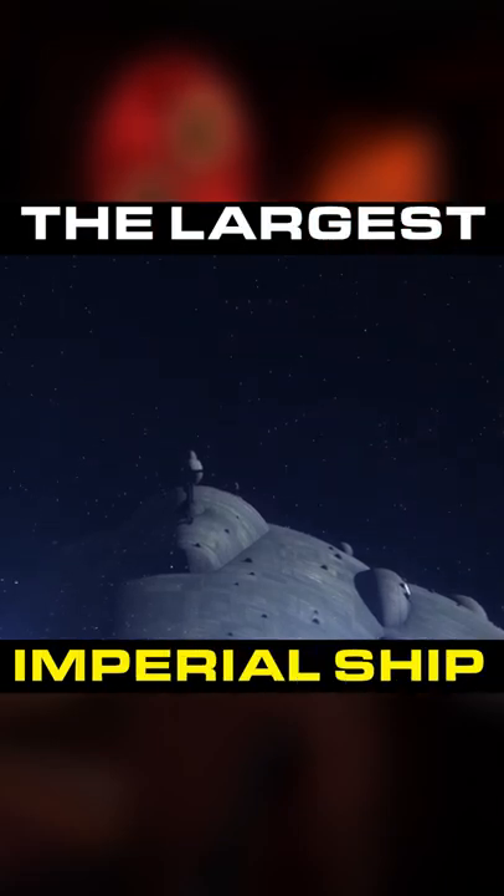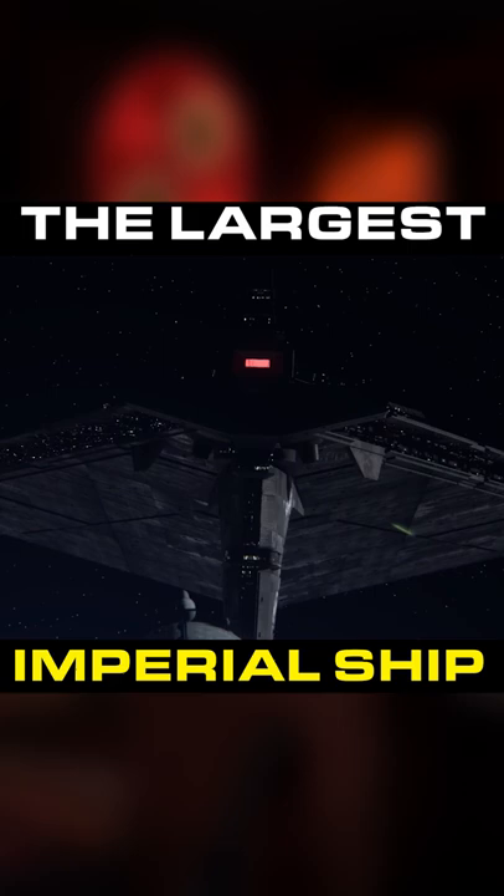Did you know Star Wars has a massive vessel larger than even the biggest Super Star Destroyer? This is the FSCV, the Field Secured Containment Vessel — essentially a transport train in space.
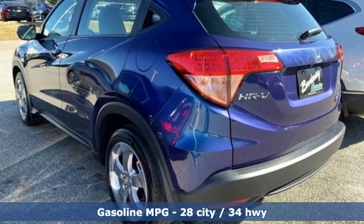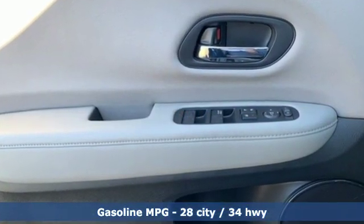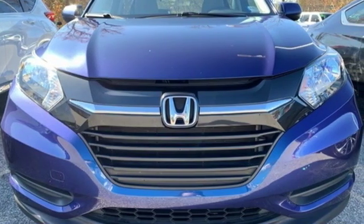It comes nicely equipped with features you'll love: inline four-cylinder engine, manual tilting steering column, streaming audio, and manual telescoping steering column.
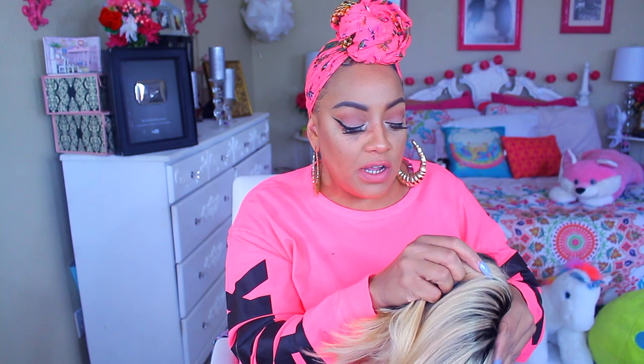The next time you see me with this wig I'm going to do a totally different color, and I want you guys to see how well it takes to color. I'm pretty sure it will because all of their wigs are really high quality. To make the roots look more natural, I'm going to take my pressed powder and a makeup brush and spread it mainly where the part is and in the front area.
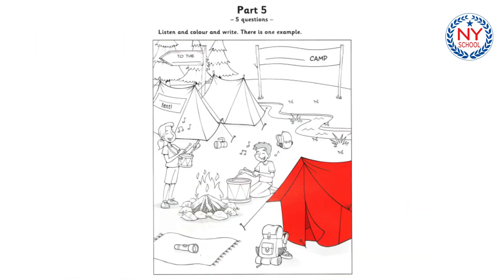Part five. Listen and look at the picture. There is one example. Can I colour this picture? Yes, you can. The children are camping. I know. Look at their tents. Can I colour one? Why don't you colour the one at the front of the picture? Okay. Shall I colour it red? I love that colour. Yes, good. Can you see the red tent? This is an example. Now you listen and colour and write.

§ **What is being asked**
In your copy, omit the pictures and restate every line of the data word for word.

§ **Solved problem**
Did you know Star Wars has a massive vessel larger than even the biggest Super Star Destroyer? This is the FSCV, the Field Secured Containment Vessel — essentially a transport train in space.
It comes nicely equipped with features you'll love: inline four-cylinder engine, manual tilting steering column, streaming audio, and manual telescoping steering column.
The next time you see me with this wig I'm going to do a totally different color, and I want you guys to see how well it takes to color. I'm pretty sure it will because all of their wigs are really high quality. To make the roots look more natural, I'm going to take my pressed powder and a makeup brush and spread it mainly where the part is and in the front area.
Part five. Listen and look at the picture. There is one example. Can I colour this picture? Yes, you can. The children are camping. I know. Look at their tents. Can I colour one? Why don't you colour the one at the front of the picture? Okay. Shall I colour it red? I love that colour. Yes, good. Can you see the red tent? This is an example. Now you listen and colour and write.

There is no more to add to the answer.